Pensou o lobo e avançou contra a jugular do cachorro, mordendo com todas suas forças a carne do animal, movendo a cabeça de um lado para o outro, arrancando a carne do animal.
Não demorou e o cão caiu inerte, morto.

Mas que diabos.

Naquele momento sentiu certo orgulho. Entendeu o porquê estava sendo atraído pela aquela criança. Ele não é um humano comum.

Vlad estava em cima do cachorro, sua mão direita segurava uma pedra coberta de sangue. O chão era uma verdadeira poça de liquido vermelho e a cabeça do animal estava totalmente destruída.
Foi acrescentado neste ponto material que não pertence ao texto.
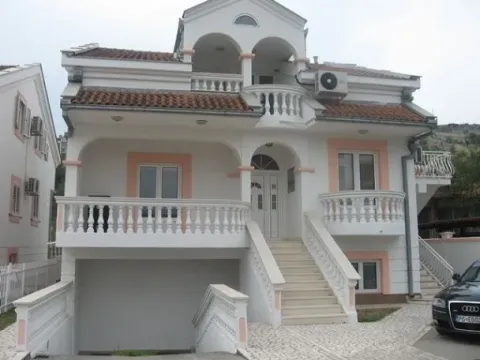 Izdavanje, poslovni prostor, 350m², Preko Morače, Podgorica - image 1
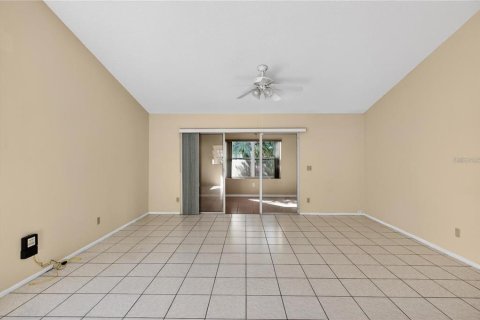 Touwnhouse à louer à Longwood, Floride: 2 chambres, 137.68 m2 № 2411502 - photo 7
Os olhos do garoto brilhavam de felicidade, de prazer. Ele respirava e fitava o animal morto como se fosse um prêmio, como se fosse sua maior arte já criada. O braço esquerdo do menino sangrava, estava mordida, um grave ferimento.

Ele soube se defender!

- AQUI! ELES ESTÃO AQUI!

Vozes de humanos foram ouvidas tanto pelo lobo, quanto pela criança. Mas antes que o lobo pudesse se virar, ele sentiu dois espinhos penetrando suas costas.
Ele se virou, cambaleou para trás, fraco, sentindo uma enorme dor, estava muito ferido.

- NÃO, NÃO O MATE! NÃO O MATE!

Naquele instante, dor, cansaço. Nada disso passou a existir, Vlad se levantou e correu para frente do animal. Era a vez de ele protegê-lo agora.

- Mas que merda é essa? Um lobo gigante? – Gritou espantando o soldado que almejava uma besta com algumas flechas.

- Os olhos desse animal, são vermelhos como sangue. Que demônio é este? – Murmurou outro soldado. Eram cinco no total.

- Não o mate, por favor. Me levem, mas não o mate! – Implorou o garoto, voltando a sentir o cansaço querendo derruba-lo.

- VocÊs mataram todos os cachorros? QUE DEMÔNIOS VOCÊS SÃO?
Gritou o líder dos soldados, avançando até Vlad e o empurrando ao lado.

- Vou exterminar essa criatura! – Disse enquanto levantava a lança que segurava, contudo, o lobo já não estava mais lá, tinha desaparecido.

O soldado olhou para Vlad que agonizava no chão, segurando o braço mordido.

- Vejo que sofreu nessa fuga, espero que aprenda. Você não pode fugir de nós.

Agora Vlad estava sentando em cima de um cavalo, sendo levado de volta para o Sultão. O que vai acontecer comigo? Meu deus, o que vai acontecer comigo? E o lobo, como ele está?


Sentia-se confuso, perdido. Quando de repente ouviu um uivo alto. Não era um uivou qualquer, era o mesmo uivou que ouvira no dia que fora entregue ao Sultão e descobriu que era o uivo de seu amigo lobo.